We Are Woman

bata00_p_01_04The first of two Chinese translations of my Empress Wu biography is now being advertised, with the title Zhennai Nuren  — “I am Woman” declined with an imperial first-person pronoun, like the Royal We. This Taiwanese edition translated by Lai Yeqian, is released this month by Gusa. There’s another translation coming in the People’s Republic sometime in the autumn.

From my introduction to the Taiwan edition:

“Even as I delivered the original manuscript of this book in 2007, I was fielding phone calls from a TV production company interested in adapting the story of Empress Wu into a drama series. Nothing came of that, but I have twice sold the rights to this book to producers hoping to reimagine it as a saga of intrigue to rival Game of Thrones. Perhaps I shall be lucky the third time.

“What is it about Empress Wu that excites such interest? For foreign producers, it’s the dual appeal of manly adventure and feminine wiles, but also the chance to present medieval China, a country often regarded as monolithic and homogenous, as cosmopolitan and multiracial. At the height of the Tang dynasty, there were ‘blue-eyed girls in the taverns of Chang’an,’ ambassadors from Bohai and Syria, and handsome refugees from Persia. There were Christian priests and Muslim traders, offering tantalising potential for any director wanting to present a diverse and vibrant society.
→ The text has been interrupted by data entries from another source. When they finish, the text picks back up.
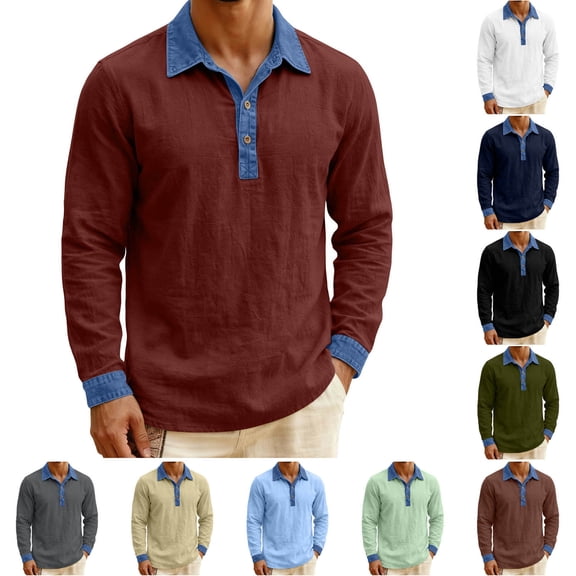 CLOISE Denim Patchwork Shirt for Men Long Sleeve Pullover Tops Cotton Linen Button Collared Blouses Casual Vacation Clothes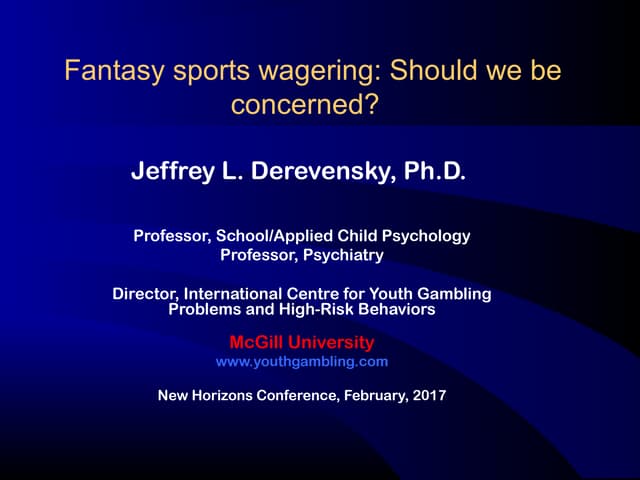 Dr. Jeffrey L. Derevensky 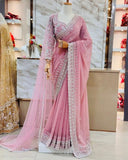 Ready To Wear Pink Soft Georgette Embroidery Saree With Blouse And Dupatta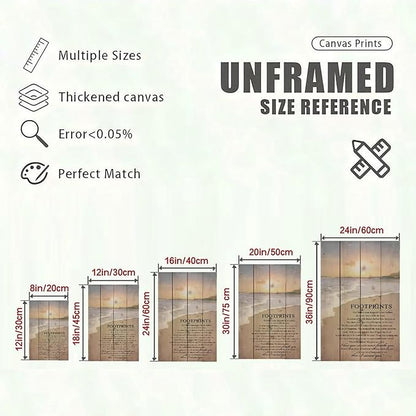 Footprints in the Sand Religious Canvas Wall Art Posters, Inspirational Beach Sunset Poem Print Poster (Unframed 16x24inch, Footprints(1))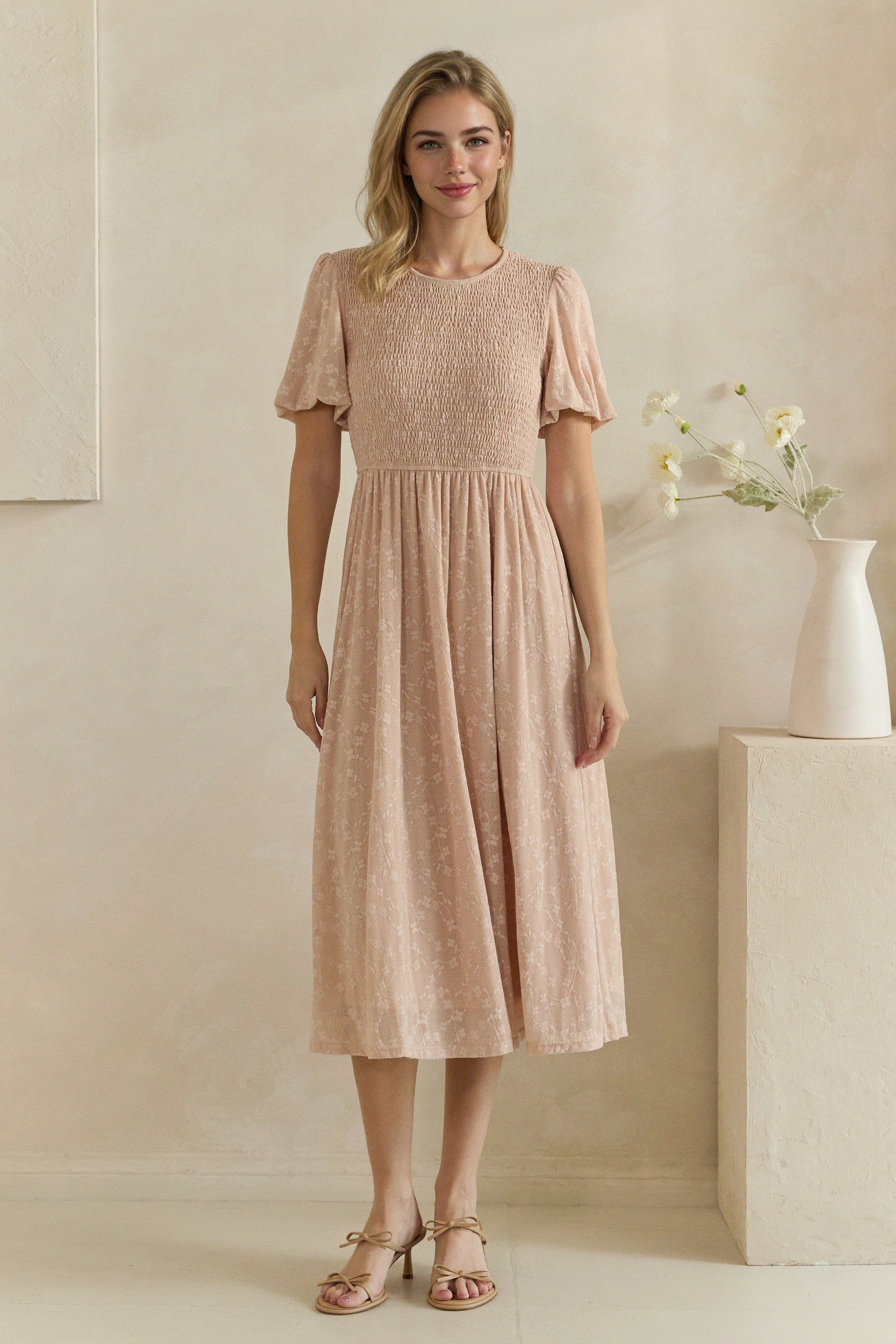 Floral Burnout Smocked Flutter Sleeve Midi Dress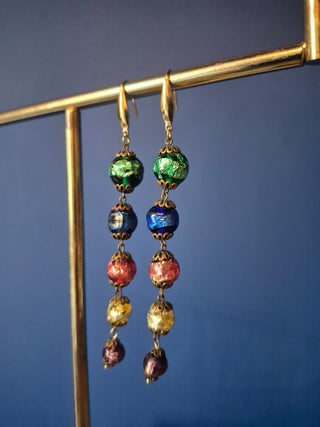 Foil Glass Carnival Drop Earrings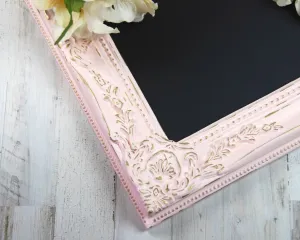 Ornate shabby pink & gold framed chalkboard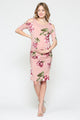 Mauve Cold Shoulder Bodycon Maternity Dress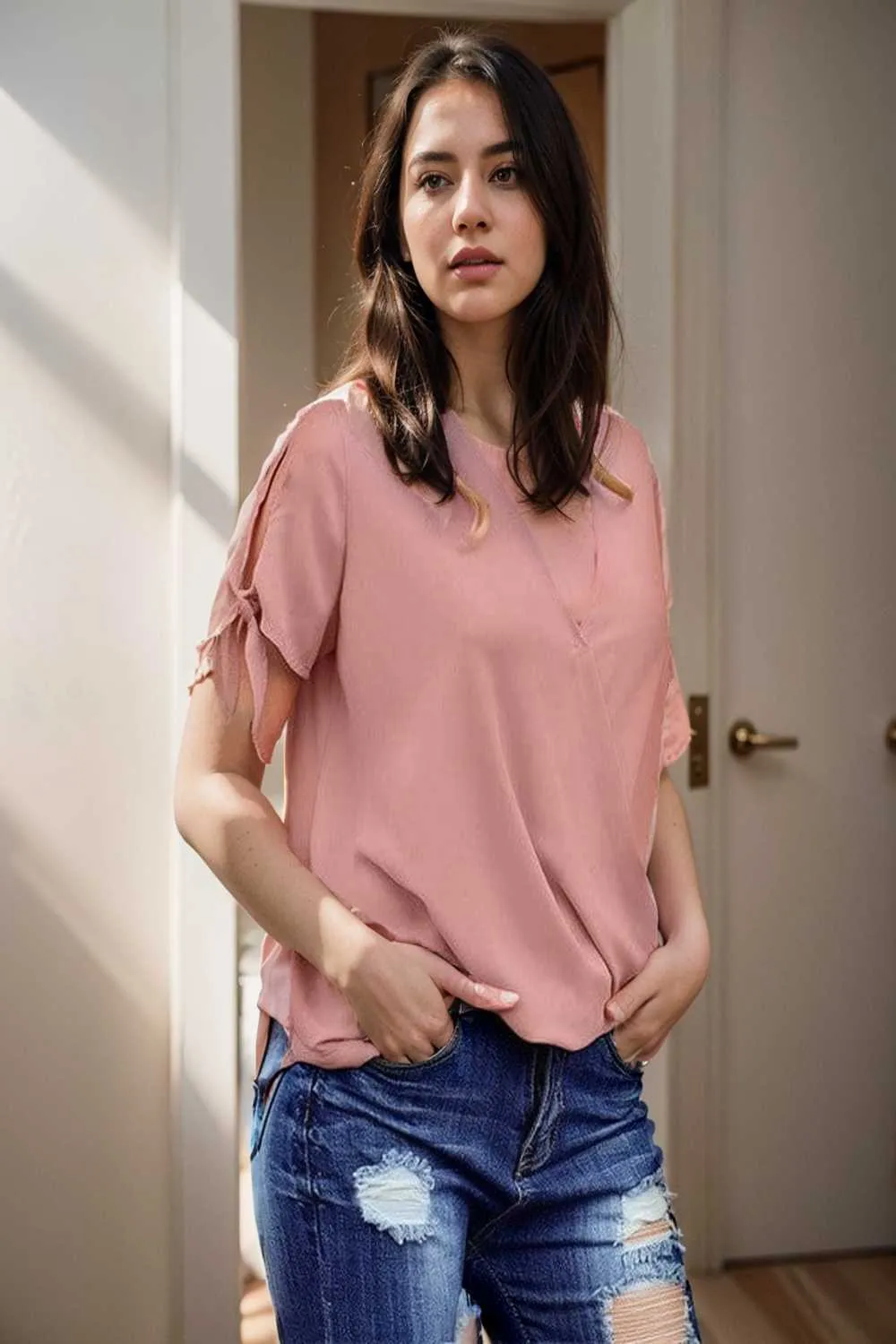 women s blouses loose solid belted long sleeve blouse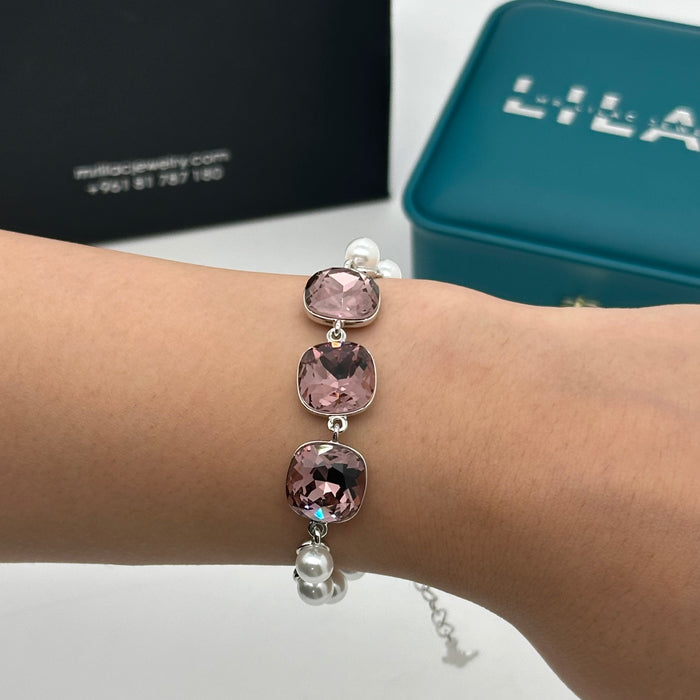 Blush Cushion-Cut Swarovski Crystal Bracelet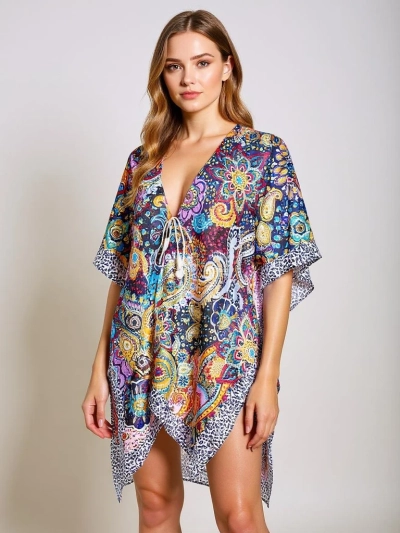 Ariadna Royalfashion Pareo ruha, többszínű, V-nyakú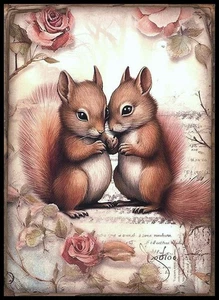 Postkarte - Eichhörnchen - Valentinstag - leere Rückseite - 4" x 5 1/2" - CL417 - Bild 1 von 2
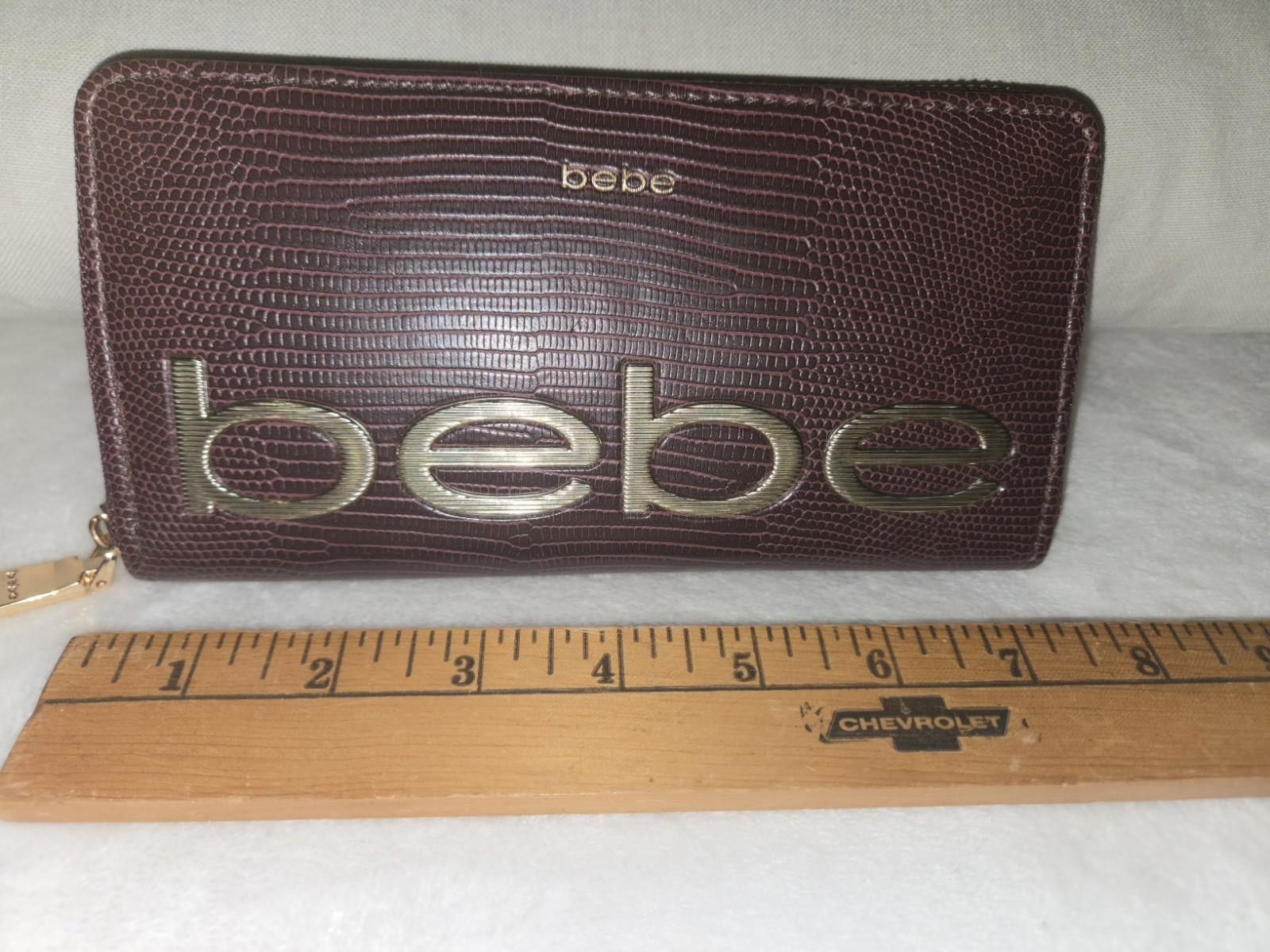 Bebe Bebe Fabiola Stamped Lizard Continental Wallet Wine MSRP $49 Size ONE SIZE - 6 Thumbnail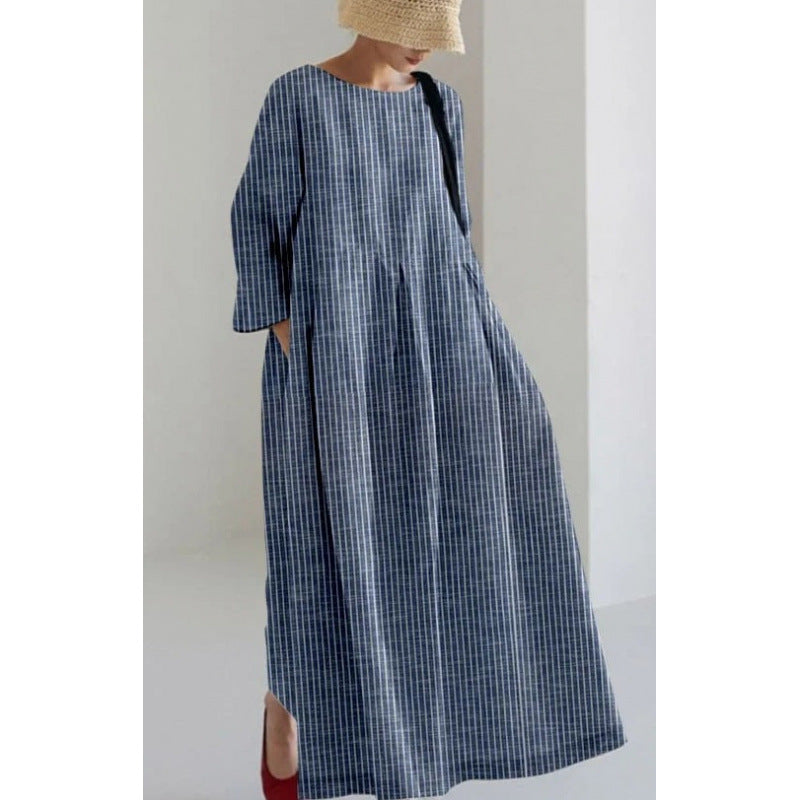 Womens Printed Midi Dress Beach Dress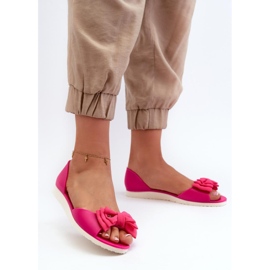 Ballerines femme en caoutchouc avec nœud fuchsia rose 2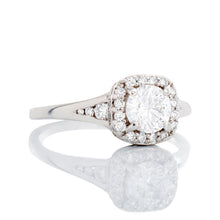 Load image into Gallery viewer, 0.85ctw Diamond Solitaire with Cushion Shaped Halo Ring
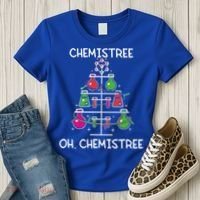 Chemistree Ugly Christmas Tree Sweater Chemistry Science Pun Gift Women's T-Shirt thumb 3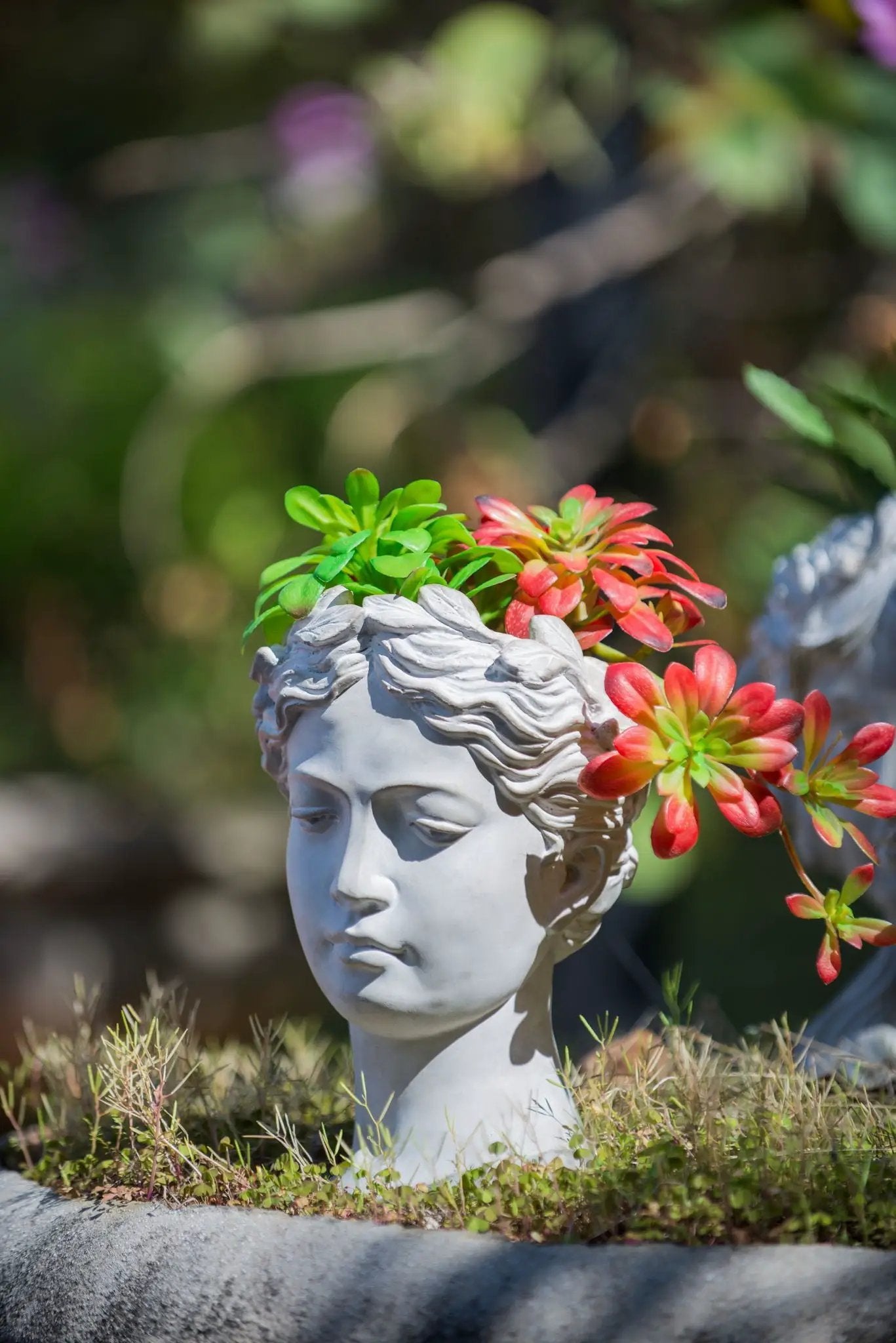 Greek Style Cement Head Planter Indoor Outdoor Home, Garden Decor - Gray by Unique Piece Furniture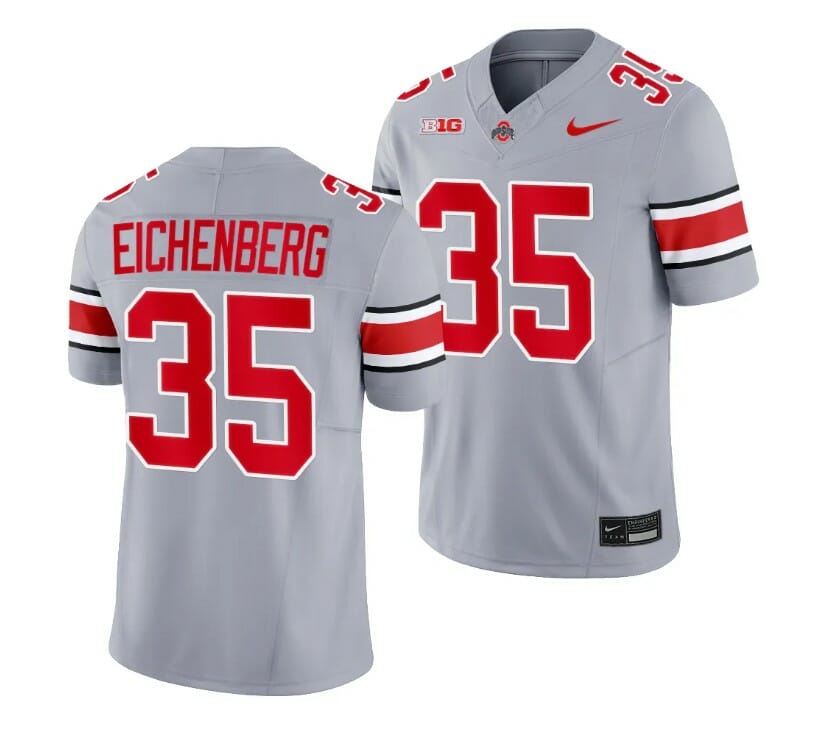 Tommy Eichenberg Jersey Ohio State Buckeyes #35 2023 Alternate Gray Limited Football 1 Tommy Eichenberg Jersey Ohio State Buckeyes #35 2023 Alternate Gray Limited Football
“Wu remains a lively topic, even today. Since this book was first published, Tsui Hark has brought the pomp and ceremony of Wu’s reign to the screen with Detective Dee and the Mystery of the Phantom Flame (2010, 狄仁傑之通天帝國) and its prequel. Archaeologists have found the grave of Shangguan Wan’er, and Chinese television has become embroiled in a new scandal fitting for its most infamous female sovereign. Low-cut dresses and flashes of cleavage in Fan Bingbing’s lavish Empress of China (2014-15, 武媚娘传奇) had made the PRC censor worried about a possible corrupting influence. Such stories are wonderful news to any historian – if anything lures in new readers of non-fiction, it’s the discovery that the Tang dynasty is ‘too hot for TV’ even in modern times.”

If you can read Chinese, there are several extracts available online, here, here, here, and here.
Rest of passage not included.